Your answer must be the lines from the first one in the material through the line with "Alright, here we", retyped exactly and with no pictures.
Start of Records for the task
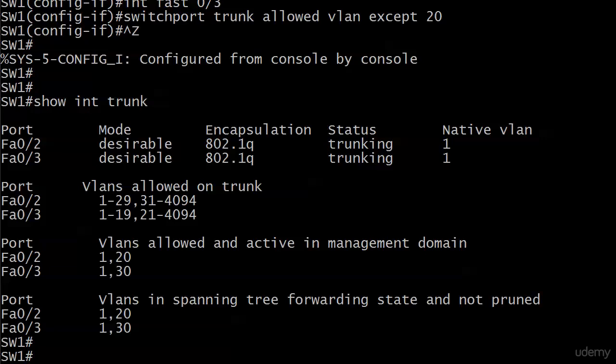You can see VLANs allowed and active in management domain in the next field. Port 2 it's 1 and 20. Port 3 it's 1 and 30. Looks good to me. And VLANs in spanning tree forwarding state and not pruned: 1 and 20, and 1 and 30. That's also what we want to see. So that all looks good.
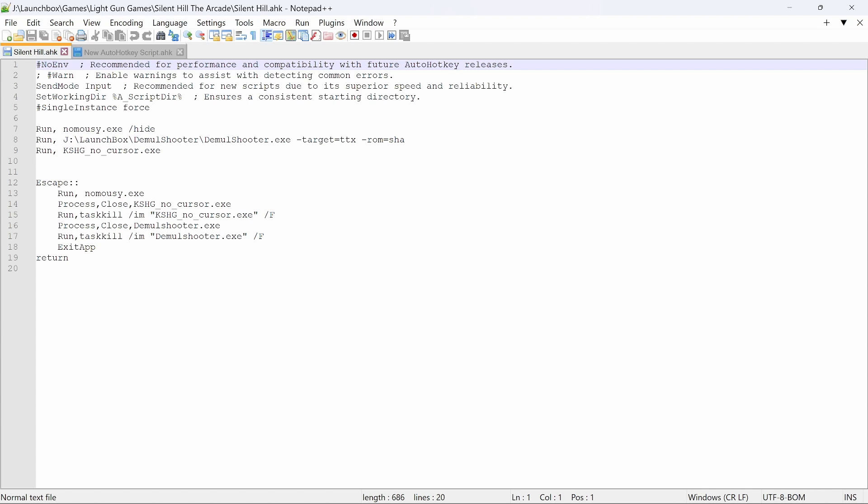Like I said on my other videos, I'm in J:\LaunchBox and it's pointing to DemoShooter, DemoShooter.exe. The target is TTX and the ROM is SAA. So you can get all this information from either the Syndrom wiki or from DemoShooter's wiki, and I'm running the game there with no cursor.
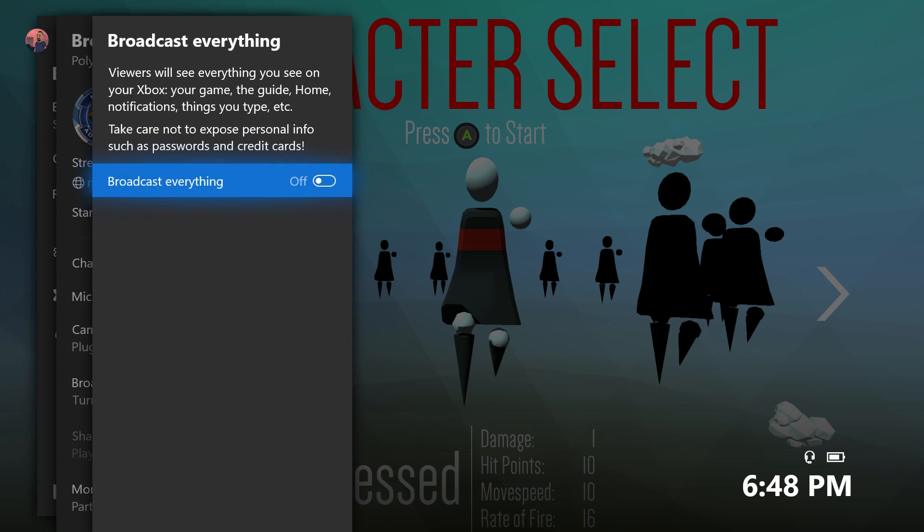Right now it's turned off. You can turn it on and it says here viewers will see everything you see on your Xbox: your game, your guide, your home, your notifications, things that you type, etc. Take care not to expose personal information like passwords, emails, or credit cards.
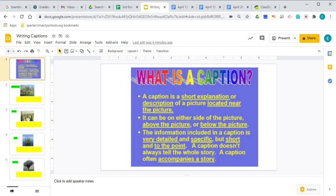The information included in a caption is very detailed and specific, but it's short and to the point. A caption doesn't always tell the whole story. It often accompanies a story, it's part of a story, it's used to explain something in a story.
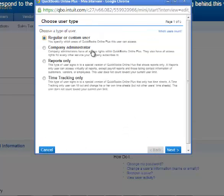The next option you would have would be the company administrator. They have access to all the features and capabilities in QuickBooks Online Plus.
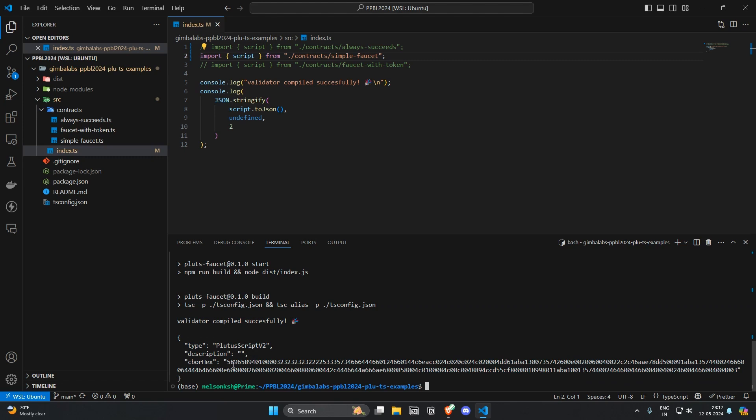We will test this contract in further lessons but congratulations on successfully compiling a Plu-TS Cardano smart contract.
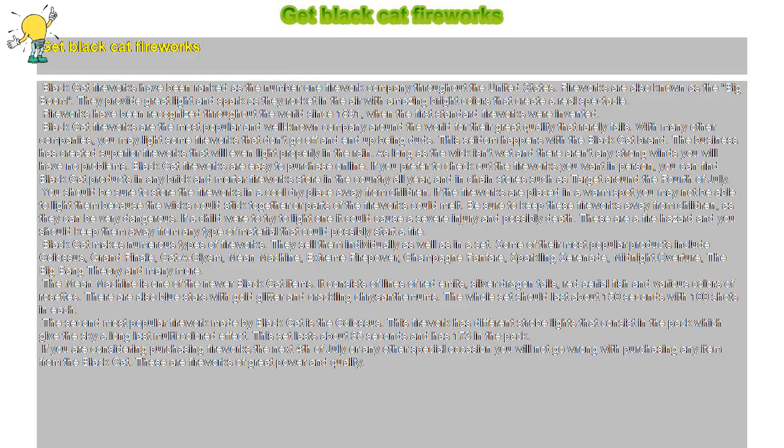Get Black Cat Fireworks. Black Cat Fireworks have been ranked as the number one firework company throughout the United States.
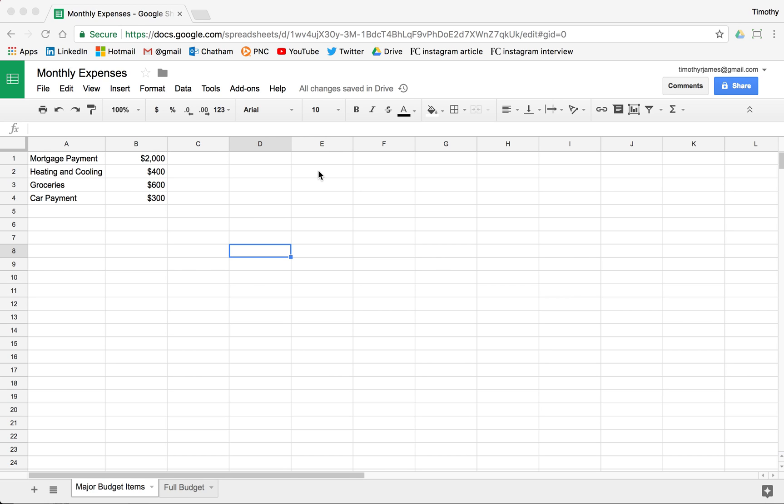In this video, we'll look at pie charts in Google Sheets and how we can create them easily and how they can kind of get out of hand pretty quickly.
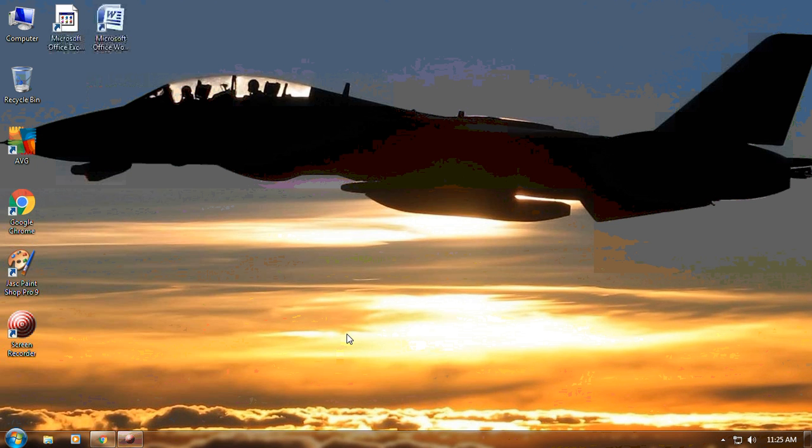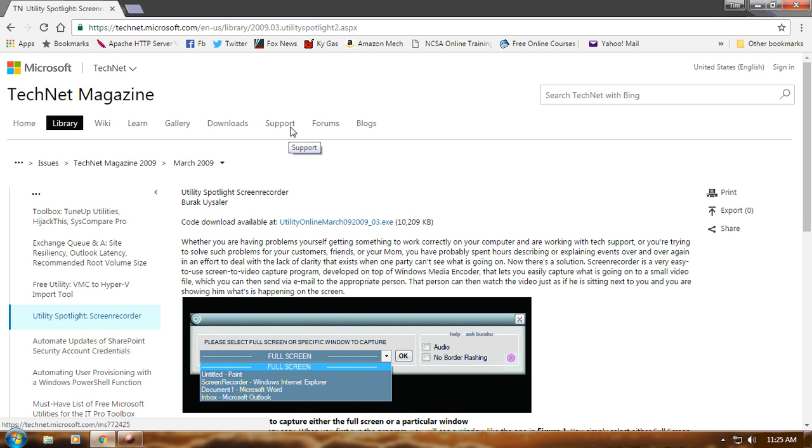Alright, here we go. We're just trying out this little screen recorder that I found at TechNet Magazine.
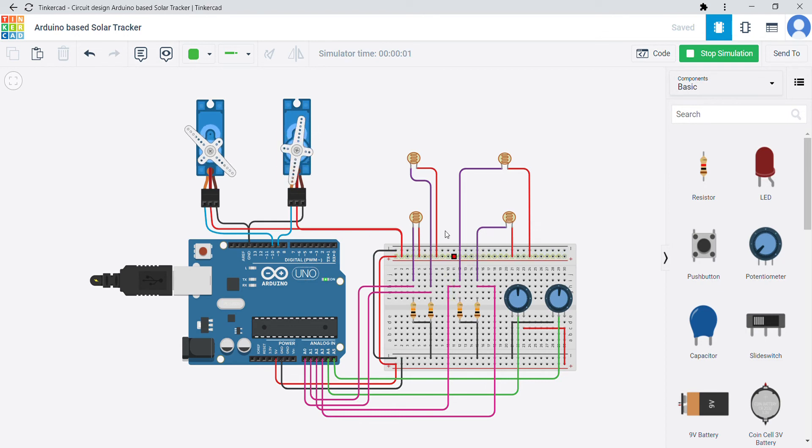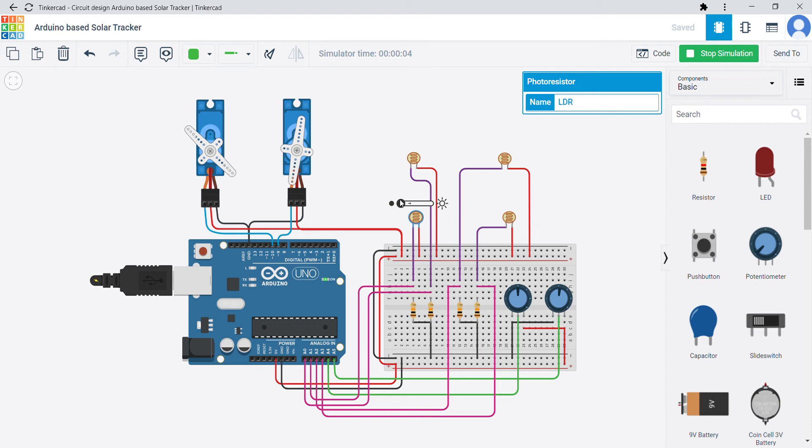As you can see, when I increase the intensity of sunlight there is a movement in the servo motor.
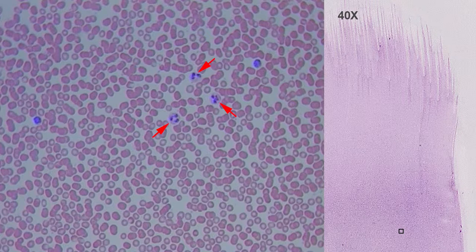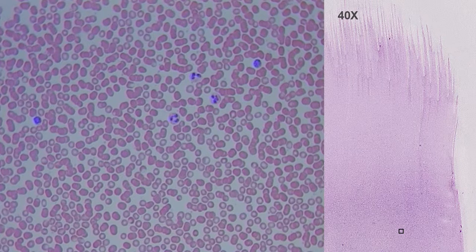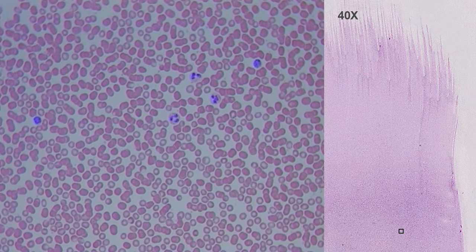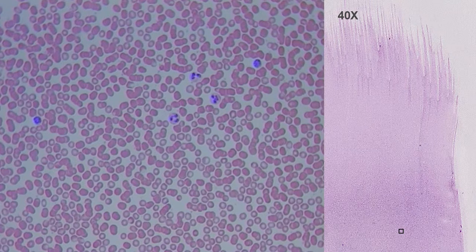Granulocytes, also called polymorphonuclear leukocytes, are characterized by the presence of granules in the cytoplasm. They are divided into three types according to the staining characteristics of the granules: neutrophils, eosinophils, and basophils. The most abundant in human blood are neutrophils, whose granules are not stained with this type of staining.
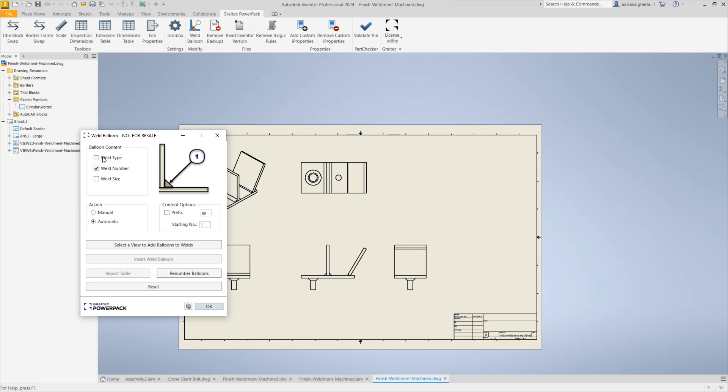We have number by default which is checked. We can add the type. This information is taken from the project, so you need to make sure the parameters you have there are set properly. The size of the weld as well. You can add a prefix if you want or not, and you can start the numbering from a certain number the same as before. In this version, for the moment on the automatic actions we don't have a report table.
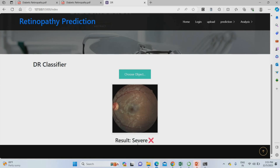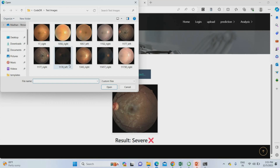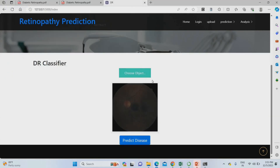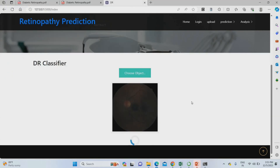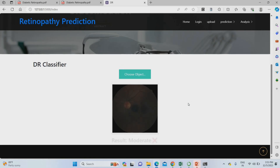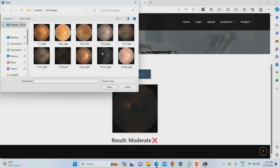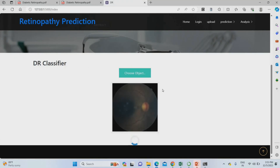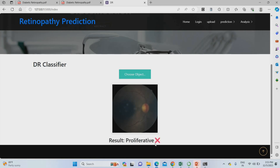The image uploaded belongs to normal diabetic retinopathy. Uploading another image — this one comes under the severe diabetic retinopathy category. Uploading one more image — this is the moderate disease. Uploading another — this is proliferative. This is how the project works. You can upload any images from the internet or doctor-collected images and it will work perfectly.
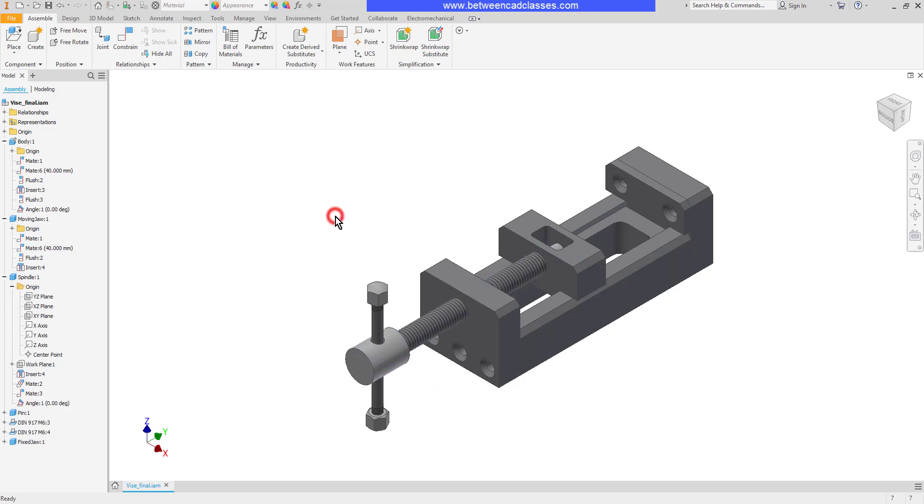So once again to drive a constraint you just simply need a constraint, right click on it and select drive, and then put in the allowable values to see the motion. That concludes this look at driving assembly constraints in Autodesk Inventor.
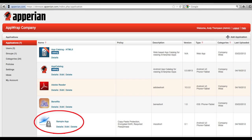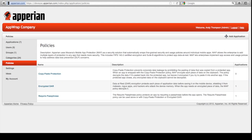You can see from the padlock icon that your application is now wrapped with a security policy and ready to be deployed to users and devices. An Ease administrator can see the security policies available by clicking on Policies, and you can see the number of applications that you've assigned a security policy to.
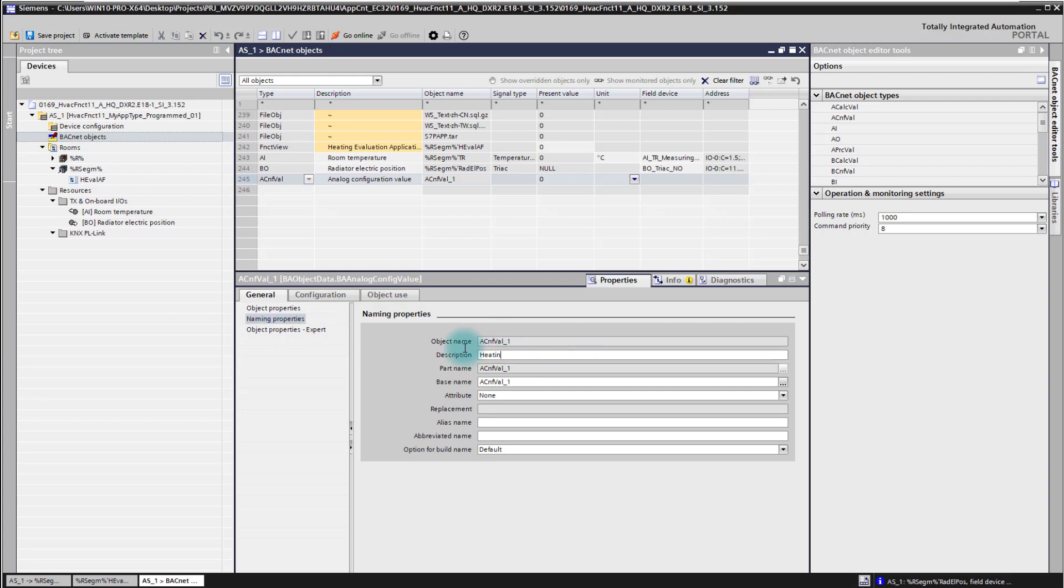There we go. Also base name. I give it a base name here: heating eval setpoint. There we go.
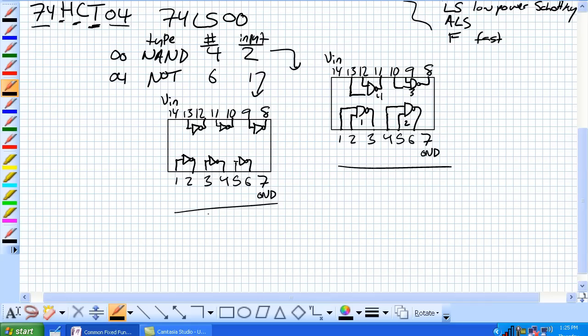Okay, our 7404, our hex inverter, there's six inverters, one, two, three, four, five, six, and in one, out two, in three, out four, in five, out six, sevens are ground, in nine, out eight, in 11, out 10, in 13, out 12, 14s are VDD pin.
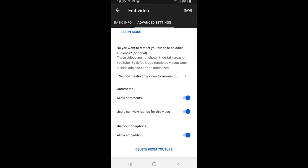But one thing - if YouTube has detected that you have child content on this particular video, it will not allow you to enable comments. I hope you found this video useful.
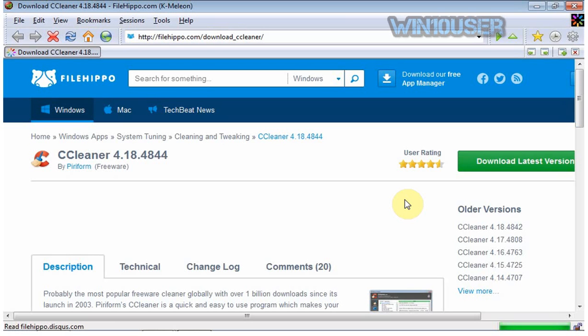Click download latest version, or if you want older versions, select the version you want to download.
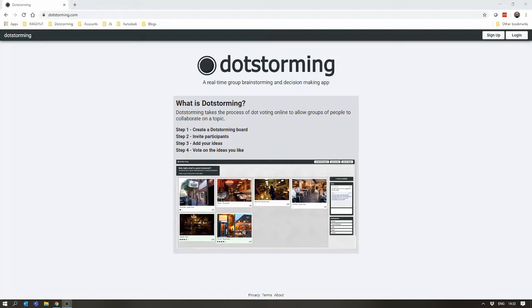This is a Dotstorming tutorial for the basics of using Dotstorming. Hopefully from this tutorial you get an idea of how to create a Dotstorming board and run your first session. So, let's begin.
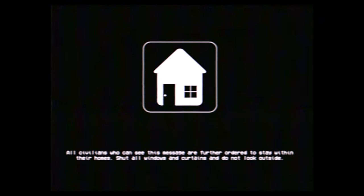All civilians who can see this message are further ordered to stay within their homes. Shut all windows and curtains and do not look outside.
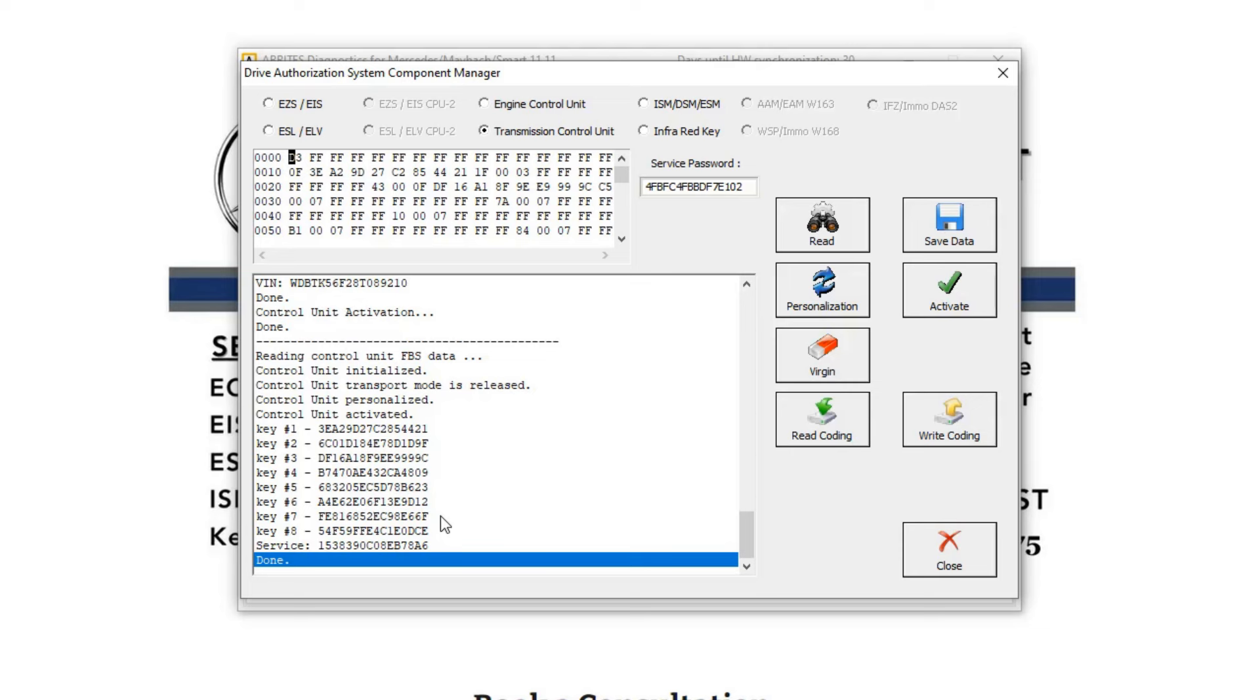So this TCM is cloned now. It's ready to go. We're going to see you in the next one.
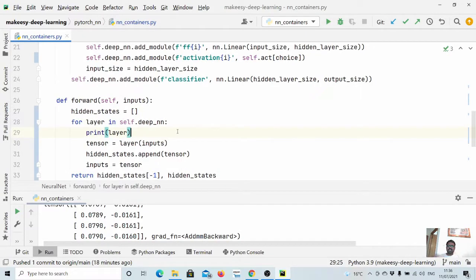That should be clear now — where to use ModuleDict and where to use ModuleList, and what their importance is over nn.Sequential. In the next video, we will talk about ParameterList and ParameterDict and see where they are useful. Thanks for watching — bye for now, take care, see you in the next one.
End of Records for the task
*Answer to the problem:*
You can see VLANs allowed and active in management domain in the next field. Port 2 it's 1 and 20. Port 3 it's 1 and 30. Looks good to me. And VLANs in spanning tree forwarding state and not pruned: 1 and 20, and 1 and 30. That's also what we want to see. So that all looks good.
Like I said on my other videos, I'm in J:\LaunchBox and it's pointing to DemoShooter, DemoShooter.exe. The target is TTX and the ROM is SAA. So you can get all this information from either the Syndrom wiki or from DemoShooter's wiki, and I'm running the game there with no cursor.
Right now it's turned off. You can turn it on and it says here viewers will see everything you see on your Xbox: your game, your guide, your home, your notifications, things that you type, etc. Take care not to expose personal information like passwords, emails, or credit cards.
The information included in a caption is very detailed and specific, but it's short and to the point. A caption doesn't always tell the whole story. It often accompanies a story, it's part of a story, it's used to explain something in a story.
The next option you would have would be the company administrator. They have access to all the features and capabilities in QuickBooks Online Plus.
We will test this contract in further lessons but congratulations on successfully compiling a Plu-TS Cardano smart contract.
Get Black Cat Fireworks. Black Cat Fireworks have been ranked as the number one firework company throughout the United States.
In this video, we'll look at pie charts in Google Sheets and how we can create them easily and how they can kind of get out of hand pretty quickly.
Alright, here we go. We're just trying out this little screen recorder that I found at TechNet Magazine.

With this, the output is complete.